SickKids staff member has inside knowledge about ROM star attraction

CT scan of 3000 year old mummy

When Stephanie Holowka refers to an “old friend” she sometimes means a woman who is almost 3,000 years old – and is a star attraction at the Royal Ontario Museum.  

Djedmaatesank, or “Djed” for short, is a 22nd Dynasty mummy originally from a tomb in the Luxor area of Egypt. Holowka, a medical radiation technologist, was a member of the SickKids imaging team that welcomed Djed to the hospital for a computerized tomography (CT) scan almost 20 years ago.

On June 3 Holowka discussed some of the images with a ROM Egyptologist as part of the TVO series Museum Diaries. She has applied recent three-dimensional reconstruction techniques to the original scans, revealing details that she shared on camera with Gayle Gibson.

Secure and undisturbed in her beautifully painted cartonnage, Djed first arrived at SickKids on the morning of Saturday, May 14, 1994. (The Saturday is important, as the work was done on a voluntary basis outside of service hours.) After performing the CT scans, Holowka and Dr. Peter Lewin, Dr. Derek Armstrong and Dr. Derek Harwood-Nash identified a large, bone-melting dental cyst attached to tooth abscesses as a possible cause of death. According to writings enclosed with the body, Djed was a singer. She was just 30-35 years old when she died about 2800 years ago.

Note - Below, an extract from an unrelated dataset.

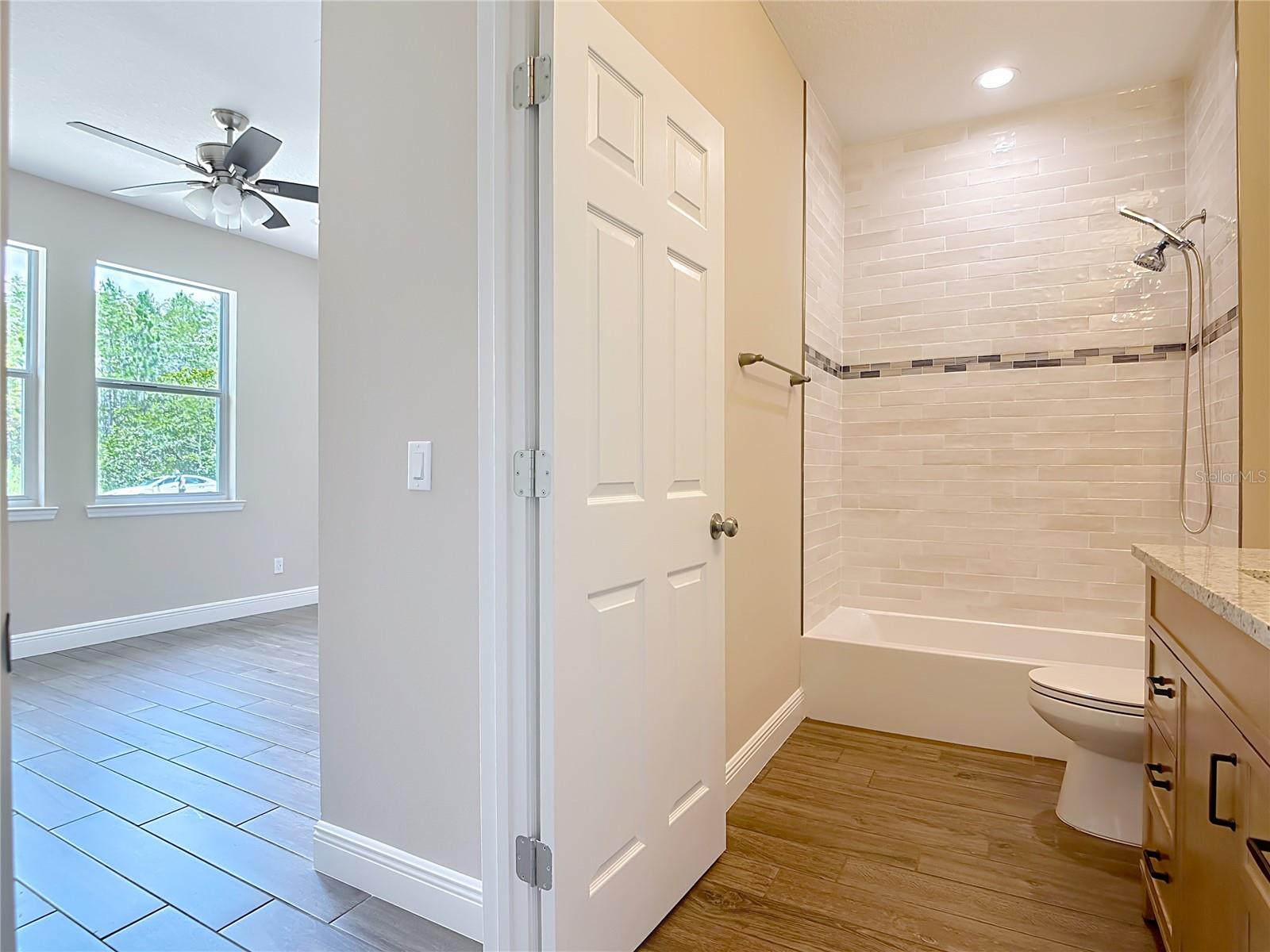 Image 26 of 67 For 19041 Mardi Gras Street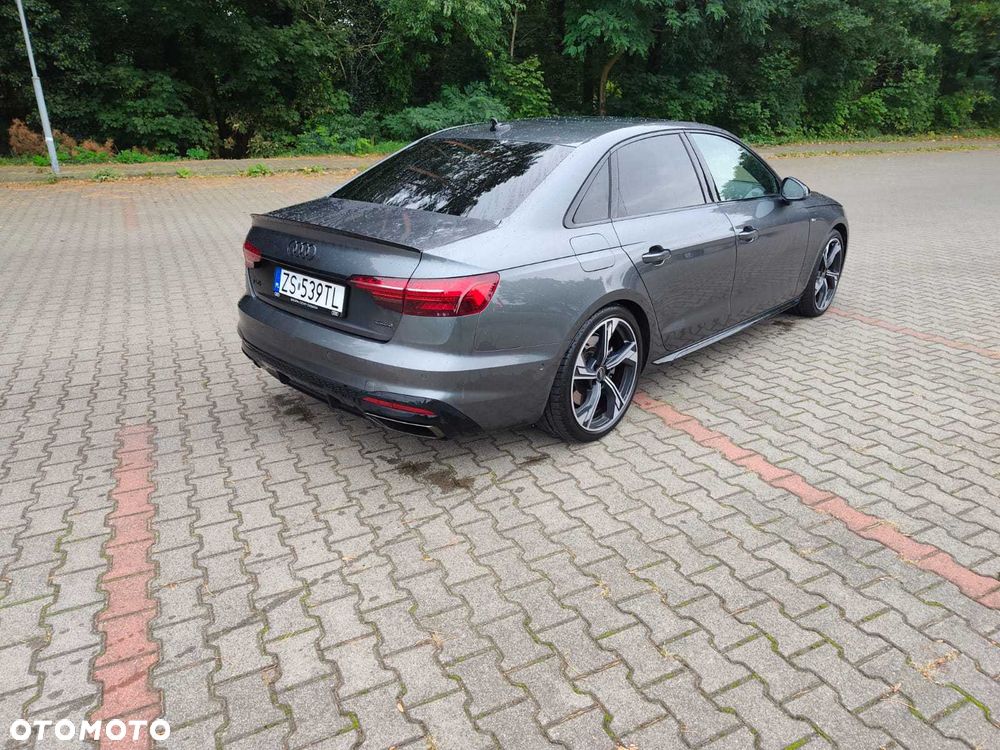 Audi A4 Limousine - 5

For the recent meeting with Gibson, Holowka showed extraordinarily fine details relating to the skeleton, mummified abdominal organs, and other body parts as well as the linen wrappings inside and outside the body. “As just one example, we can see the actual lenses of eyes far back in the packed globes, behind the small stones that were placed there during mummification,” she says.

SickKids performed the world’s first CT scan of a mummy in 1974. “I was asked to participate in the 1994 project because I was working in neurosurgery using the same three-dimensional technology,” Holowka says. Her fascination with working with Egyptian mummies continues. She has also reviewed CT scans of mummies for other organizations, helping to identify a male in Chicago as the probable husband of Djed. She does presentations on the mummy scans for medical groups, Egyptologists and schools.

“In 1994, the CT Scan machine that we used with Djed was almost obsolete. Now I’d like to bring her back for another scan in our modern machine,” she adds. “There’s more to see and more to learn.”

This episode of Museum Diaries is scheduled to air in the winter on TVOntario.